Dunque: vi si nota di più se guardate il Festival di Sanremo per criticarlo dal primo all’ultimo fotogramma o se non lo guardate per vantarvi di non averlo guardato? (stranamente, gli appartenenti a quest’ultima categoria dimostrano di conoscere a memoria ogni nota di questa o di quella canzone e sanno financo di che colore fosse lo smalto sulle dita dei piedi della starlette di turno).
Puntuali, prevedibili ma tutto sommato rassicuranti, un po’ come i Babbi Natale appiccicati ai balconi a dicembre oppure le bufale su Cécile Kyenge.
Secondo i sociologi Bathkin, Bordieu e King, era convinzione delle “élites” che che i generi culturali, di svago e di intrattenimento a loro rivolti e da loro concepiti fossero “migliori” rispetto a quelli studiati per le masse, e questo perché più elaborati e costosi. Manifestazione di massa e per la massa, il Festival di Sanremo stride quindi con la visione esclusiva, esclusivista ed autoemarginante di chi ritiene di far parte di una segmento ristretto di privilegiati sul piano intellettivo e culturale. Si tratta ad ogni modo di una visione miope e claustrofobica, perché non c’è dubbio che la kermesse ligure (unica nel suo genere) rappresenti ed abbia rappresentato un nodo ed uno snodo fondamentale nel percorso recente del costume e della cultura di questo Paese; dal palco dell’ Ariston sono passati infatti artisti che hanno segnato la storia della canzone (italiana e non italiana) ed il palco dell’ Ariston è un album fotografico che illustra e racconta l’evoluzione del vivere italiano come e meglio di molti libri di storia o di sociologia.
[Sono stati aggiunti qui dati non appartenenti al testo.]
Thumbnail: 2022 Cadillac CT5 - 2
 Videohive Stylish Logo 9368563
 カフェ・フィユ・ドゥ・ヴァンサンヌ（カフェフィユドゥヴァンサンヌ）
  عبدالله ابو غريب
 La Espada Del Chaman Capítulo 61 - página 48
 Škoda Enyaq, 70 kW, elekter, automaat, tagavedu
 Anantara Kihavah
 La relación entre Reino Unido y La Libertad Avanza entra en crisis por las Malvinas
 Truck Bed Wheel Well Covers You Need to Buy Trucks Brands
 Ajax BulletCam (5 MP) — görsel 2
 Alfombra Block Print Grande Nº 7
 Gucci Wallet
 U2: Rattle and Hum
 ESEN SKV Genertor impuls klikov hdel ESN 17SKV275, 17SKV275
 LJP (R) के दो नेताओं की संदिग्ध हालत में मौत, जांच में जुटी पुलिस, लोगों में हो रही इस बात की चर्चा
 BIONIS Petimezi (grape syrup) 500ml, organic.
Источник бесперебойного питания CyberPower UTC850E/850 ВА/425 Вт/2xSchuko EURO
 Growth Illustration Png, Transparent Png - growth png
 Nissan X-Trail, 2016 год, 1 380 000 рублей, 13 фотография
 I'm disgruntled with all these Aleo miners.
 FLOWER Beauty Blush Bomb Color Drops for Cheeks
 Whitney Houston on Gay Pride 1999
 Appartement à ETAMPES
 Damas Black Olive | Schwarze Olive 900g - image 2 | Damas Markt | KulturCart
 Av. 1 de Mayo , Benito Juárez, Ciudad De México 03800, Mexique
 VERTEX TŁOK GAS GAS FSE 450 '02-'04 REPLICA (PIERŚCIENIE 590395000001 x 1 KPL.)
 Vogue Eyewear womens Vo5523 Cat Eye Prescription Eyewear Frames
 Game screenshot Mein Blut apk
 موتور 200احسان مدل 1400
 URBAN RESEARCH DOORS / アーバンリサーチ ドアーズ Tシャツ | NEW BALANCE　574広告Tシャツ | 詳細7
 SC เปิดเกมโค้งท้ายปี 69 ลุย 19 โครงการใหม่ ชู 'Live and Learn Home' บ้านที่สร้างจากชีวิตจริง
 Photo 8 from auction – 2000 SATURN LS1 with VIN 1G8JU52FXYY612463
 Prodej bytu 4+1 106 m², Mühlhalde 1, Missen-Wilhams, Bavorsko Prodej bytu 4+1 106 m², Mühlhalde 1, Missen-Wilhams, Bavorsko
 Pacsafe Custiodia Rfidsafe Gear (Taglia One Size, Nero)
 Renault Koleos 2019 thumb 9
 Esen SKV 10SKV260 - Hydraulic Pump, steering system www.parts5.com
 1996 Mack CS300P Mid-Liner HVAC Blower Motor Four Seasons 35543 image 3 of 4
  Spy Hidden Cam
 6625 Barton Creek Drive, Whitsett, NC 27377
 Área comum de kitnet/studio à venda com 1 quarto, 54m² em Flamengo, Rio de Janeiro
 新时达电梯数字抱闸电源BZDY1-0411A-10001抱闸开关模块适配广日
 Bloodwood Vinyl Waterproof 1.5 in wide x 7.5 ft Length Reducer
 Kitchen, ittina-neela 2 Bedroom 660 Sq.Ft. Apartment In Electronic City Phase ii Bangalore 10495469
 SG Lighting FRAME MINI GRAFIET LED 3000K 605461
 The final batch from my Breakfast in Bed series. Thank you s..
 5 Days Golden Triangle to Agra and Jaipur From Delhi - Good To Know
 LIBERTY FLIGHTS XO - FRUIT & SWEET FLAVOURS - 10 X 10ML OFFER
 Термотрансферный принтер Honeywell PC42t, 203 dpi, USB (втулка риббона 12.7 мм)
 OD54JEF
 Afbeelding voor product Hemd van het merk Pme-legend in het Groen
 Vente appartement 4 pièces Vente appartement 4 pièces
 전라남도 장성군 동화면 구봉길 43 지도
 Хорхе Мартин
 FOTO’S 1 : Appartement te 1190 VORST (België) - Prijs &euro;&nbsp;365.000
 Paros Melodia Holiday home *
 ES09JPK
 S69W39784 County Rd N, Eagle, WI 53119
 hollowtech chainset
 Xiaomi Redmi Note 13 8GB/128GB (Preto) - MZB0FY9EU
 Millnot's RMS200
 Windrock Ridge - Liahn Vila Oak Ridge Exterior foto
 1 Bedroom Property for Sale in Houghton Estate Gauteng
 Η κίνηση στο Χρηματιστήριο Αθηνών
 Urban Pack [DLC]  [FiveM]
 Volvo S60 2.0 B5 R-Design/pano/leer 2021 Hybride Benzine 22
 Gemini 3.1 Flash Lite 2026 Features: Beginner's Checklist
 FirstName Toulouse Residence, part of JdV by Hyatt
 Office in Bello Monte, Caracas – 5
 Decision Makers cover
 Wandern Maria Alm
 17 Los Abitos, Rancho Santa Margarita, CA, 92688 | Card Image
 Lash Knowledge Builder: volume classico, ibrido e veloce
A differenza dell’ostracismo verso generi quali il “Cinepanettone” oppure il “Poliziottesco all’italiana”, l’egocentrico ed aprioristico snobismo antisanremese riesce a mettere d’accordo soggetti di destra e di sinistra, in un vortice di banale ottusità che li accomuna concettualmente a chi, a suo tempo, alzava le spalle davanti alla commedia oppure al romanzo.